O destino quis que assim fosse. Tiveram de superar serem banidos do Gilman por se terem vendido, tiveram de mudar de editora (tal como os Nirvana precisaram de passar da Sub Pop para a Geffen para chegarem a todo o lado), tiveram de reunir com executivos (boriiiing…) e arranjar um produtor que lhes agradasse (Rob Cavallo) e lá esgalharam Dookie. O êxito não foi instantâneo, o punk por essa altura ainda estava dado como peça de museu e tirar o pó ao sarcófago não era tarefa nada fácil. Beneficiaram sobretudo de dois eventos – o concerto em Woodstock em 1994 e a alta rotação do videoclip de “Basket Case” na MTV. O mainstream, entretanto órfão de Cobain e já saciado do momentum grunge virou-se para o punk dos Green Day, Offspring, Bad Religion, criando mais um galho na árvore – o pop punk.

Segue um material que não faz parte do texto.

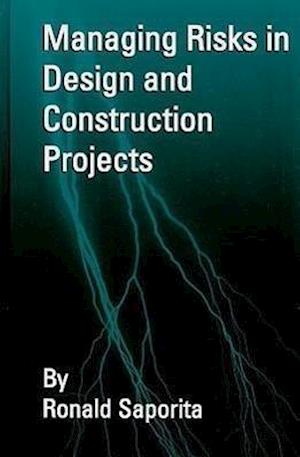 Managing Risks in Design & Contruction Projects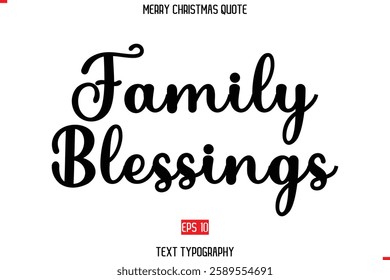 Merry Christmas Quote in Stylish Typography Text Image Family Blessings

Se no caso das bandas que puseram Seattle no mapa já tinha dado frisson a questão de se terem vendido, neste caso o busílis foi ainda maior. A confraria punk tem um código de ética bem definido e claro, e quem quebra as regras é excomungado para sempre. John Lydon (aka Johnny Rotten) foi um dos primeiros a questionar a sua veia punk, ainda hoje afirmando que o seu legado é nulo, quando comparado com quem quebrou as portas do regime instaurado no final dos anos setenta. Não haja dúvidas que a mensagem que se encontra nas letras dos Green Day são bem menos ambiciosas e anti-regime do que dita a cartilha punk, mas os tempos eram outros, as lutas eram outras. “Do you have the time/To listen to me whine?” mostra ao que vêm estes tipos, a anos luz de um “No future for you!”. É que entretanto passaram-se cerca de 18 anos e falamos de uma geração completamente diferente, e os Green Day souberam apelar aos adolescentes da sua altura, aos seus problemas e dificuldades, e nem todos o conseguem fazer de uma forma aparentemente juvenil, mas honesta e séria na sua índole.

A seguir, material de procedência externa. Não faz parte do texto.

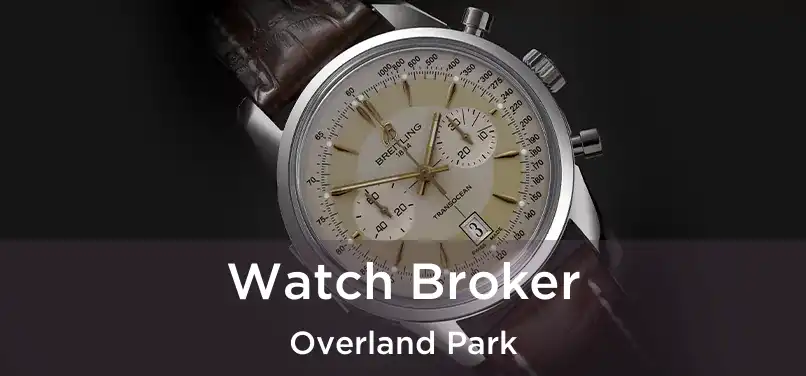 Watch Broker Overland Park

Dookie está recheado de malhas emblemáticas – para além de “Basket Case” temos “When I Come Around”, “Welcome to Paradise”, “Burnout”, “Longview”, “She”, qualquer uma delas por si só vale um álbum de muitas outras bandecas que hoje proliferam. Têm energia a rodos e ganchos que nos agarram e nos fazem voltar a ser adolescentes durante os 38 minutos que dura o álbum. E ser adolescente envolve piadas parvas e imaturas, envolve dar pontapés em caixotes do lixo, envolve masturbação, envolve ansiedade, envolve entrar numa guerra de lama com alguem (ver video de Woodstock mais acima). Patéticos para uns, mas puros e com gana de se mostrarem.
Entretanto os Green Day tornaram-se uma banda de arena rock, com pirotecnias a rodos, entretenimento para o público, conseguiram voltar a tocar no Gilman 22 anos depois, todos os membros da banda são pais de adolescentes e apesar de muitos dos punkers originais lhes torcerem o nariz, têm todo o mérito de estarem onde estão. Dookie figurará sempre em qualquer lista de álbuns punk que se preze.